Il était une figure historique de la scène artistique du Nord-Pas de Calais et de la sculpture française de la seconde moitié du XXe siècle. Eugène Dodeigne s’est éteint ce jeudi 24 décembre à Linselles, près de Bondues dans la banlieue lilloise, où il habitait depuis les années 1950. Il avait 92 ans.

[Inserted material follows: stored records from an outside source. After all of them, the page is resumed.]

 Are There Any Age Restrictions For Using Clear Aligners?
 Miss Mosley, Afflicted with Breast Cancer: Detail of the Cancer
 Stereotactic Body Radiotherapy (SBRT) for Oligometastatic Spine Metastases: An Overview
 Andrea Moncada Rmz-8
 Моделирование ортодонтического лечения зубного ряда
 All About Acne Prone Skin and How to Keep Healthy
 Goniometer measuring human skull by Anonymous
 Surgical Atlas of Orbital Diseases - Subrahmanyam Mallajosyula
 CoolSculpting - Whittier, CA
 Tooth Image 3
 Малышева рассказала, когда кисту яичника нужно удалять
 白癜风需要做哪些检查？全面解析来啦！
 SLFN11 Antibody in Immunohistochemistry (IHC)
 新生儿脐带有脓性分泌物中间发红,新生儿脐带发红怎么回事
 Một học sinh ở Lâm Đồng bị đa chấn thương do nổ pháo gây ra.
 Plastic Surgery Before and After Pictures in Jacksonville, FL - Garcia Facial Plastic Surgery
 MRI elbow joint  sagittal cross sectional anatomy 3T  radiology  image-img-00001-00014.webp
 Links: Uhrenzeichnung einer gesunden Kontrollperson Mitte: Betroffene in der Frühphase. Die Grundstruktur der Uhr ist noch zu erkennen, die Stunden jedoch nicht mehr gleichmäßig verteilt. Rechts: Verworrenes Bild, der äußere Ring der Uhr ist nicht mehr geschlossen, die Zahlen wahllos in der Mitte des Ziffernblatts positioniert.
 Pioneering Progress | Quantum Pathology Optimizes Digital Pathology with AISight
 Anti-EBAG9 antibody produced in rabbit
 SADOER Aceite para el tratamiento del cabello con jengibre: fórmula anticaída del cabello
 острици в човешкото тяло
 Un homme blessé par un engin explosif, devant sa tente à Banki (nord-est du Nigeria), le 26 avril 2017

Puissantes et silencieuses, ses hautes silhouettes de pierre qui peuplent nombre d’espaces publics du nord de la France, mais aussi d’Anvers, Utrecht, Hanovre ou encore Paris, sont désormais orphelines. Sculpteur à la réputation internationale, Eugène Dodeigne, qui était également un peintre à part entière, avait fait de la figure humaine le cœur de son exploration artistique. Né en juillet 1923 à Rouvreux, petit village situé au sud de Liège, d’un père belge – tailleur de pierre spécialisé dans les monuments funéraires – et d’une mère nordiste, l’artiste a grandi dans la région de Lille. Peu attiré par l’école, le jeune Eugène s’intéresse au travail manuel exercé par son père qui lui enseigne les rudiments du bas-relief avant de l’encourager à suivre des cours de dessin et de modelage à Tourcoing. En 1943, il se présente au concours d’entrée aux Beaux-Arts de Paris, dont il remporte les premiers prix en dessin et en volume. « J’y étais en même temps que César ; un type formidable, original, sculpteur de premier plan, se souvient-il dans un entretien avec Bruno Vouters, publié dans la Voix du Nord en novembre 2013. J’ai suivi les cours de Marcel Gimond (1894-1961), qui était surtout un pédagogue… Ensuite, j’ai volé de mes propres ailes. C’est l’expérience qui nous construit. » Constantin Brancusi (1876-1957), Jean Arp (1886-1966), Alberto Giacometti (1901-1966) ou encore Germaine Richier (1902-1959) sont autant d’aînés dont il s’imprègne. Pendant son séjour à Paris, il passe également de longues heures au Louvre comme au musée de l’Homme.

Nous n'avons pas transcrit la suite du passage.